> [Assignment]: Could you please repeat the entries below word for word, with the images left out?

*** Task inputs ***

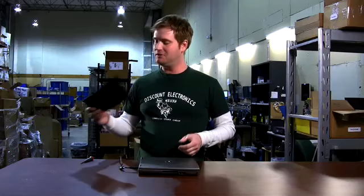I'm Michael Rains with DiscountElectronics.com. You just got your new laptop keyboard in the mail, and now you want to learn how to install it. It's no problem, it's very simple on most of the D-Series.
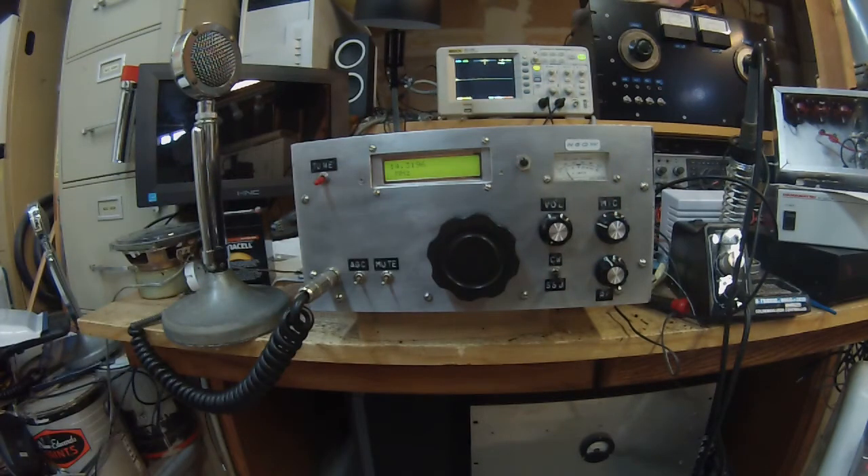Something else I fixed: Wes didn't have automatic break-in or semi break-in. You had to hold the push-to-talk button and key it. I made some changes in here so that you just key it and it'll work on CW. This is probably fine — it works on CW. It's just that you've got a sideband filter in there and the signals are a little wide, so you probably want something else for serious CW work.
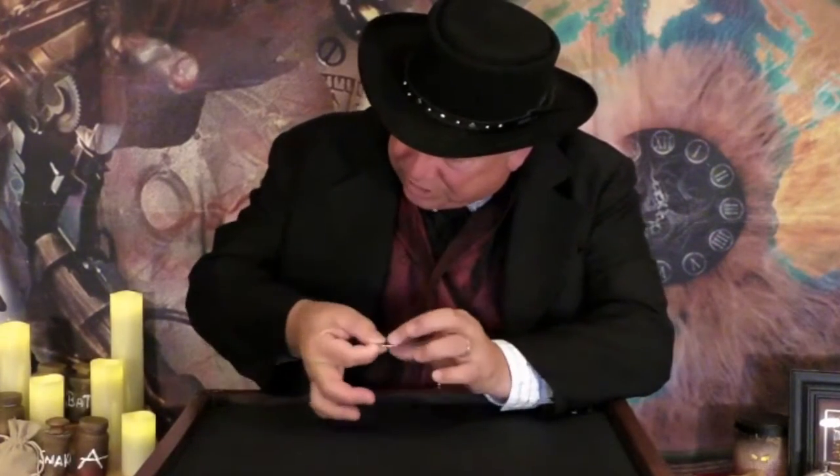Are you ready? Watch, here we go. One, two, three. Wait — the coin's still there, but the pencil's gone.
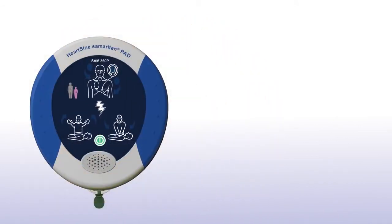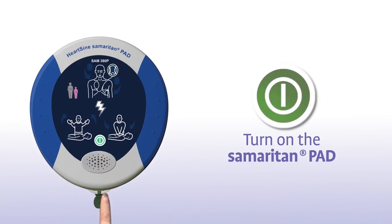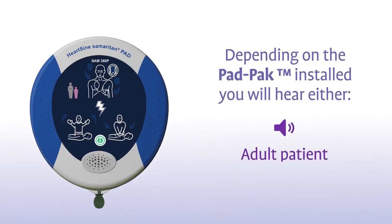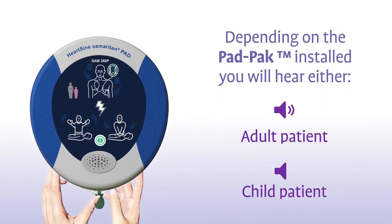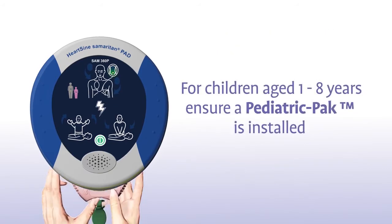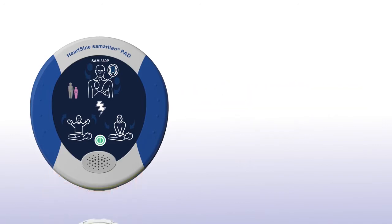Press the green on-off button to turn on the Samaritan PAD. Depending on the pad pack currently installed, you will hear either an adult patient or a child patient prompt. If the patient is a child between 1 and 8 years of age, you should ensure a pink paediatric pack is installed. If a pink paediatric pack is not available, you may use the grey adult pad pack instead.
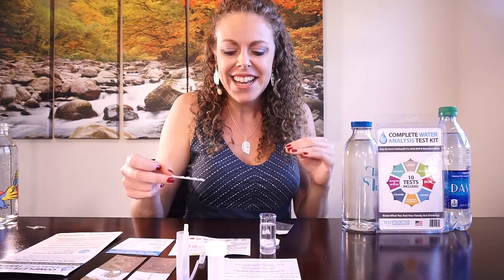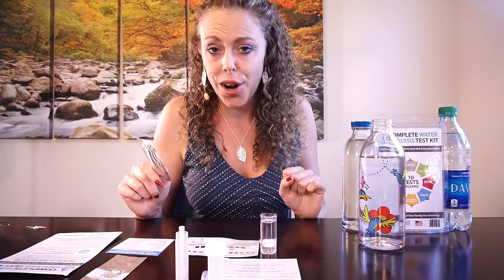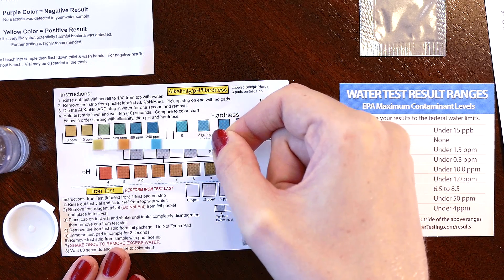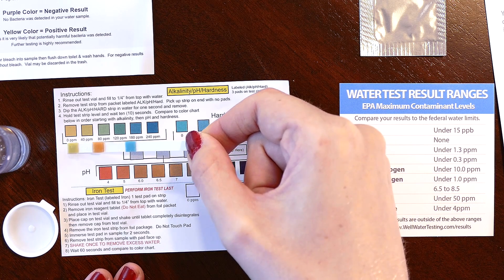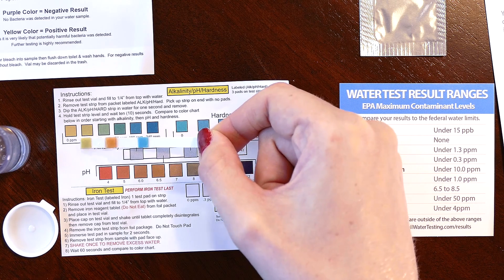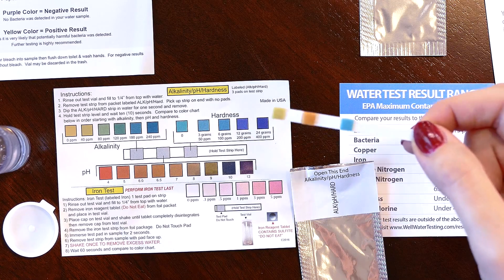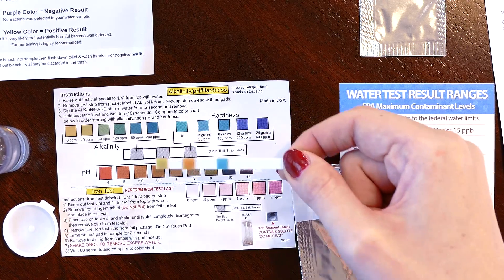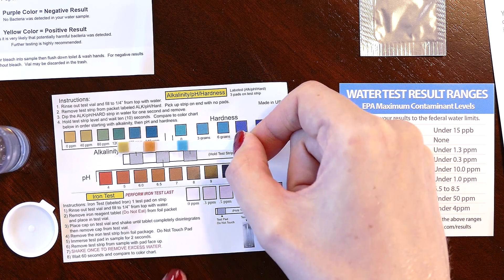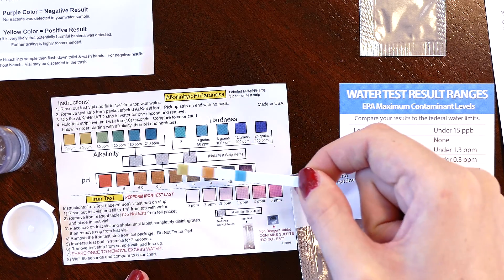Now moving on to the alkalinity, pH, and hardness test. On alkalinity, this looks like 40 ppm — slightly on the green side, falling somewhere between zero and 40 parts per million. On hardness, the far strip on the side, I would say that looks like zero — those colors match exactly.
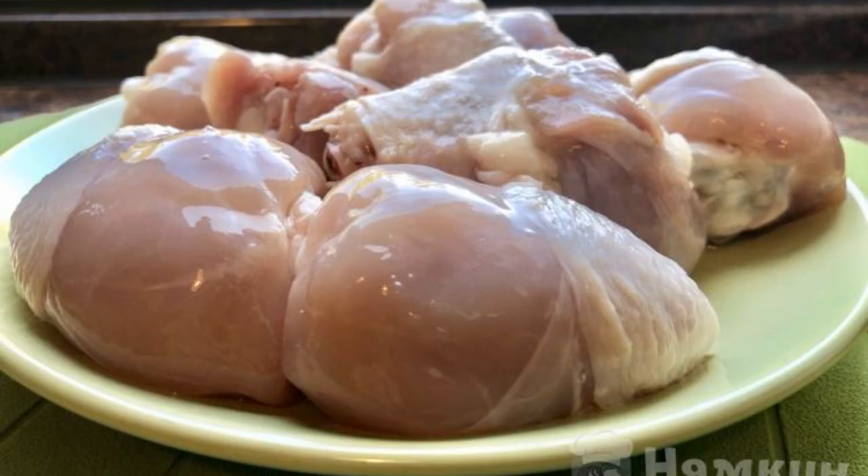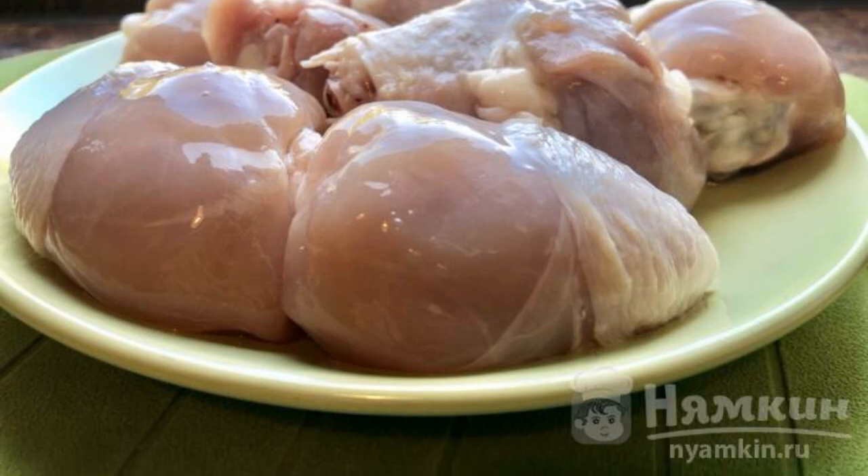I took a package of chilled shins to begin with. We will unpack and rinse thoroughly.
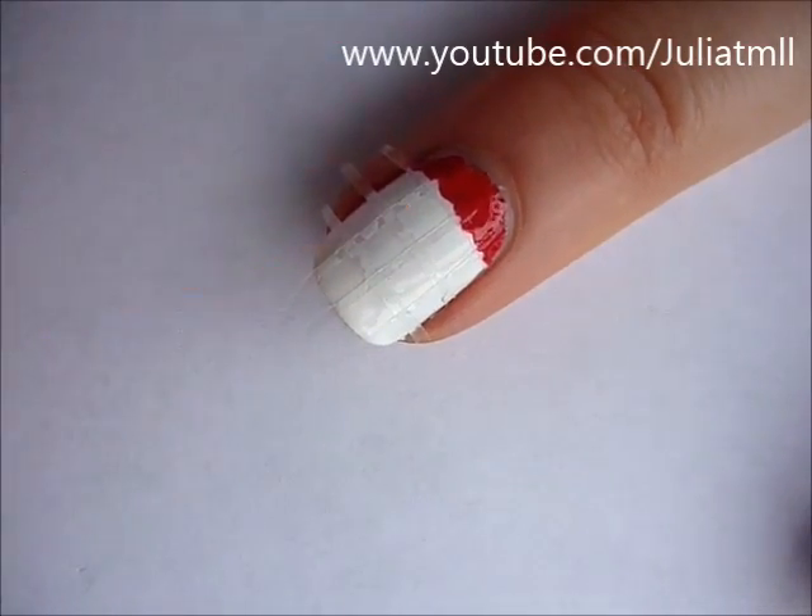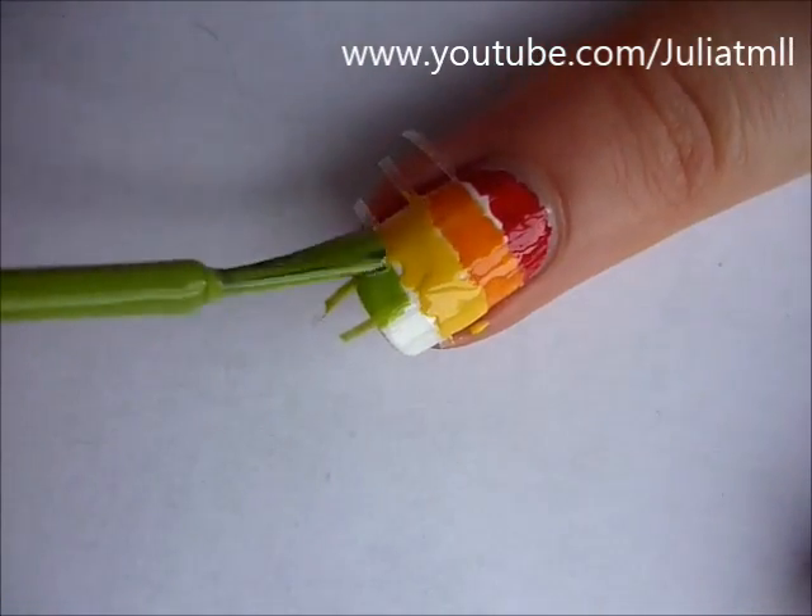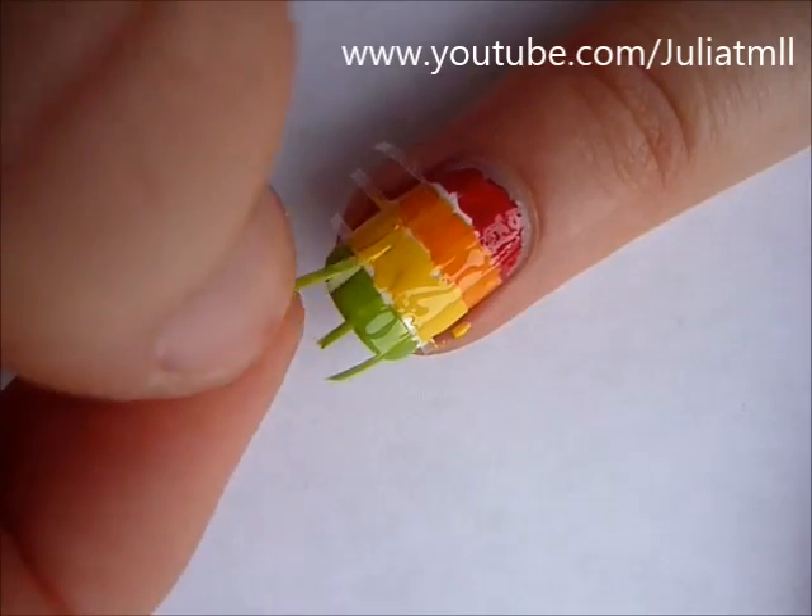By the way, if you want to see how I cut my scotch tape, click on the link in the video. Once you're done, peel off the tape and reveal a beautiful design underneath.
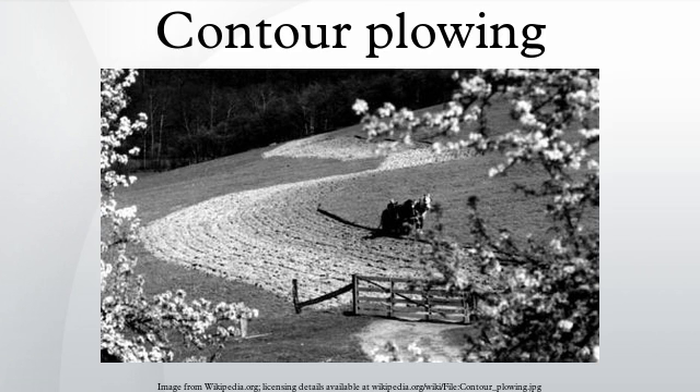Modern history: contour farming was one of the main procedures promoted by the U.S. Soil Conservation Service during the 1930s. The U.S. Department of Agriculture established the Soil Conservation Service in 1935 during the Dust Bowl, when it became apparent that soil erosion was a huge problem along with desertification. The extent of the problem was such that the 1934 yearbook of agriculture noted that approximately 35 million acres of formerly cultivated land had essentially been destroyed for crop production.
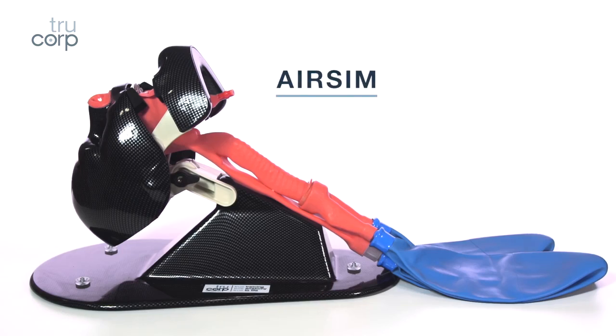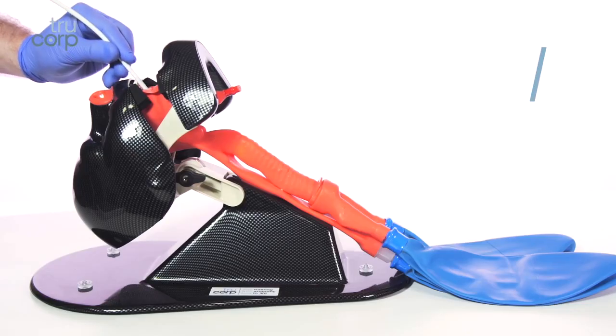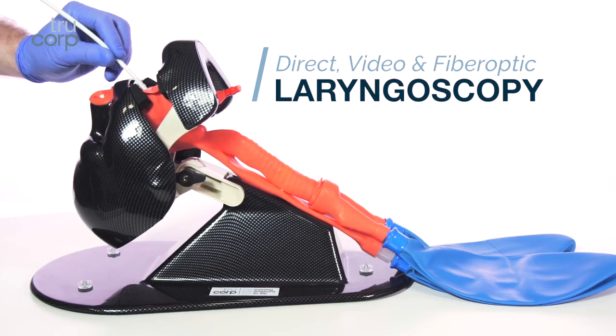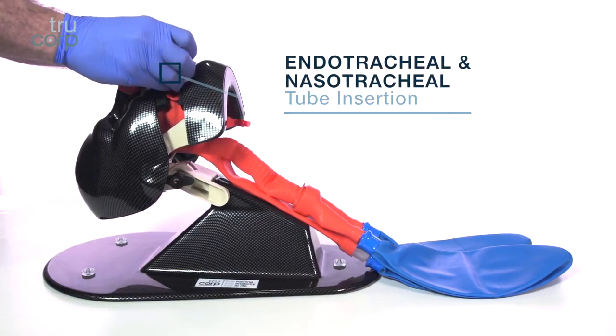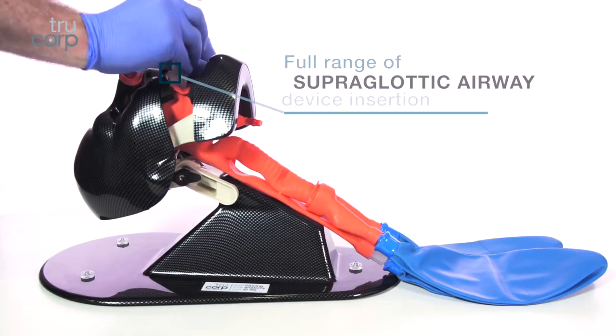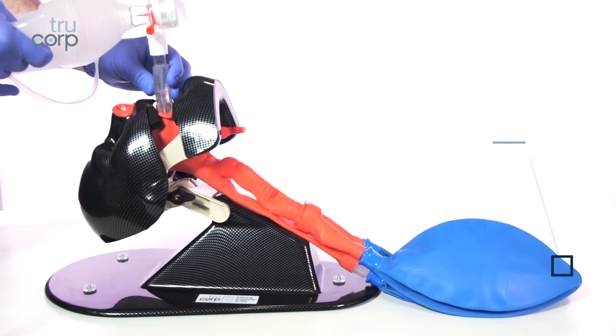AirSim, Naso and Oral Airway Management Trainer, suitable for training in awake fiber optic examination, direct and video laryngoscopy, endotracheal and nasotracheal tube insertion, full range of supraglottic device insertion, and single lung isolation techniques.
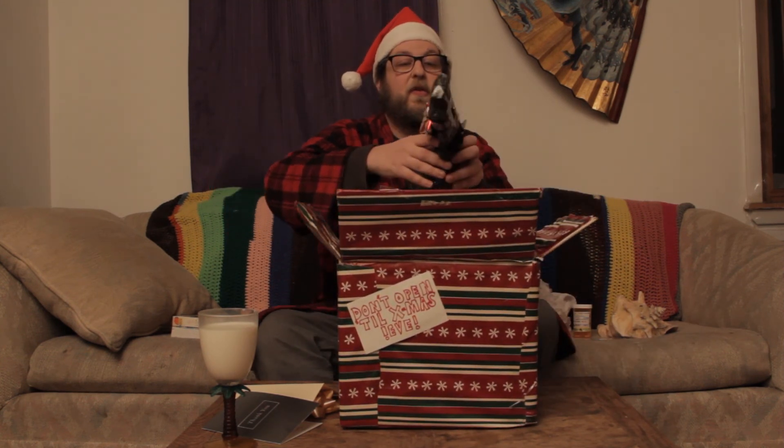Oh geez, notice this — we have a full glass of milk right here that's still warm. I don't want to drink too much of that. We'll definitely save that for the Eve. And what else do we have in here? What is this? Look at this — on Christmas Eve, I don't know, if all else fails, right?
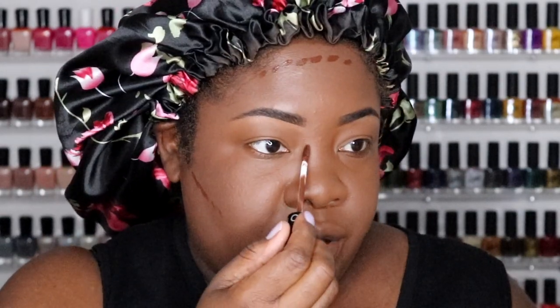I think it looks nice with the two foundations mixed on the face. I'm going back to my trusty Sephora brand — this is the gel concealer in the shade Devil's Food. I love this. I don't have a lot of forehead so I don't have to go crazy with it.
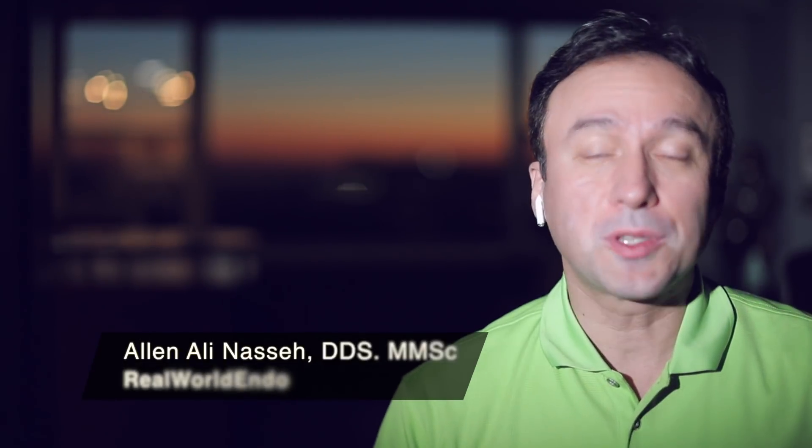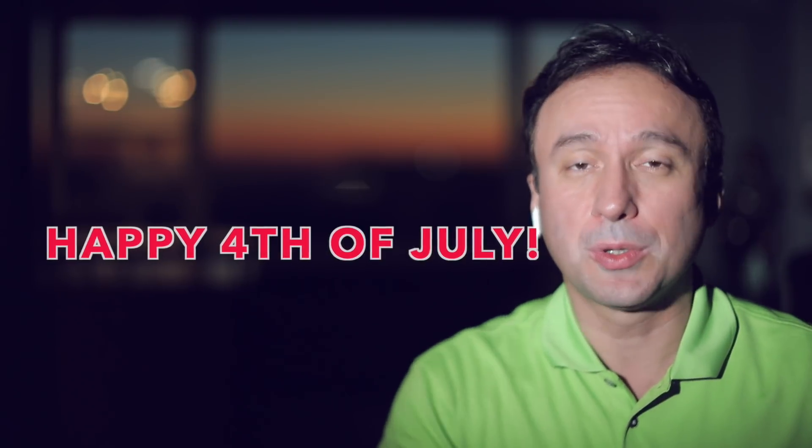Hey folks, how you doing? So I was going to do a quick tutorial and then I noticed that in my background I have the perfect direct view of the fireworks going on during the 4th of July. Today is the 4th of July and I wanted to do a quick video tutorial, so I'll wait a little bit for the fireworks to begin and do a Q&A on one of the questions that have come up online.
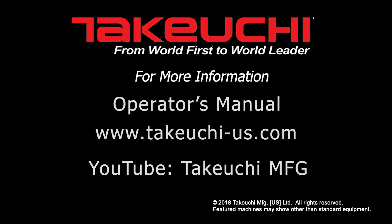While this video is intended to be a general guide to track tensioning, Takeuchi recommends the operator read and follow all safety and track tensioning practices outlined in the operator's manual. Thank you for watching and please check out our other videos at Takeuchi-US.com.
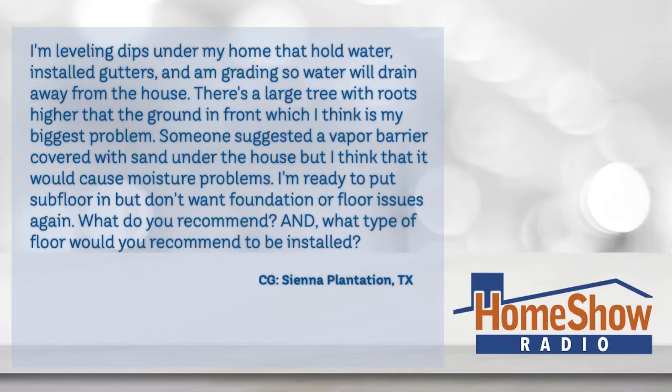C.G. writes: I'm leveling dips under my home that hold water, installed gutters, and I'm grading the water so it will drain down away from the house. There's a large tree with roots higher than the ground in front, which I think is my biggest problem. Someone suggested a vapor barrier covered with sand under the house, but I think it would cause moisture problems. I'm ready to put in a subfloor, but I don't want to deal with the foundation or floor issues again. What would you recommend he install to fix this problem?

***

> [Response]:
I'm Michael Rains with DiscountElectronics.com. You just got your new laptop keyboard in the mail, and now you want to learn how to install it. It's no problem, it's very simple on most of the D-Series.
Something else I fixed: Wes didn't have automatic break-in or semi break-in. You had to hold the push-to-talk button and key it. I made some changes in here so that you just key it and it'll work on CW. This is probably fine — it works on CW. It's just that you've got a sideband filter in there and the signals are a little wide, so you probably want something else for serious CW work.
Are you ready? Watch, here we go. One, two, three. Wait — the coin's still there, but the pencil's gone.
Press the green on-off button to turn on the Samaritan PAD. Depending on the pad pack currently installed, you will hear either an adult patient or a child patient prompt. If the patient is a child between 1 and 8 years of age, you should ensure a pink paediatric pack is installed. If a pink paediatric pack is not available, you may use the grey adult pad pack instead.
Now moving on to the alkalinity, pH, and hardness test. On alkalinity, this looks like 40 ppm — slightly on the green side, falling somewhere between zero and 40 parts per million. On hardness, the far strip on the side, I would say that looks like zero — those colors match exactly.
I took a package of chilled shins to begin with. We will unpack and rinse thoroughly.
By the way, if you want to see how I cut my scotch tape, click on the link in the video. Once you're done, peel off the tape and reveal a beautiful design underneath.
Modern history: contour farming was one of the main procedures promoted by the U.S. Soil Conservation Service during the 1930s. The U.S. Department of Agriculture established the Soil Conservation Service in 1935 during the Dust Bowl, when it became apparent that soil erosion was a huge problem along with desertification. The extent of the problem was such that the 1934 yearbook of agriculture noted that approximately 35 million acres of formerly cultivated land had essentially been destroyed for crop production.
AirSim, Naso and Oral Airway Management Trainer, suitable for training in awake fiber optic examination, direct and video laryngoscopy, endotracheal and nasotracheal tube insertion, full range of supraglottic device insertion, and single lung isolation techniques.
Oh geez, notice this — we have a full glass of milk right here that's still warm. I don't want to drink too much of that. We'll definitely save that for the Eve. And what else do we have in here? What is this? Look at this — on Christmas Eve, I don't know, if all else fails, right?
I think it looks nice with the two foundations mixed on the face. I'm going back to my trusty Sephora brand — this is the gel concealer in the shade Devil's Food. I love this. I don't have a lot of forehead so I don't have to go crazy with it.
Hey folks, how you doing? So I was going to do a quick tutorial and then I noticed that in my background I have the perfect direct view of the fireworks going on during the 4th of July. Today is the 4th of July and I wanted to do a quick video tutorial, so I'll wait a little bit for the fireworks to begin and do a Q&A on one of the questions that have come up online.
While this video is intended to be a general guide to track tensioning, Takeuchi recommends the operator read and follow all safety and track tensioning practices outlined in the operator's manual. Thank you for watching and please check out our other videos at Takeuchi-US.com.
C.G. writes: I'm leveling dips under my home that hold water, installed gutters, and I'm grading the water so it will drain down away from the house. There's a large tree with roots higher than the ground in front, which I think is my biggest problem. Someone suggested a vapor barrier covered with sand under the house, but I think it would cause moisture problems. I'm ready to put in a subfloor, but I don't want to deal with the foundation or floor issues again. What would you recommend he install to fix this problem?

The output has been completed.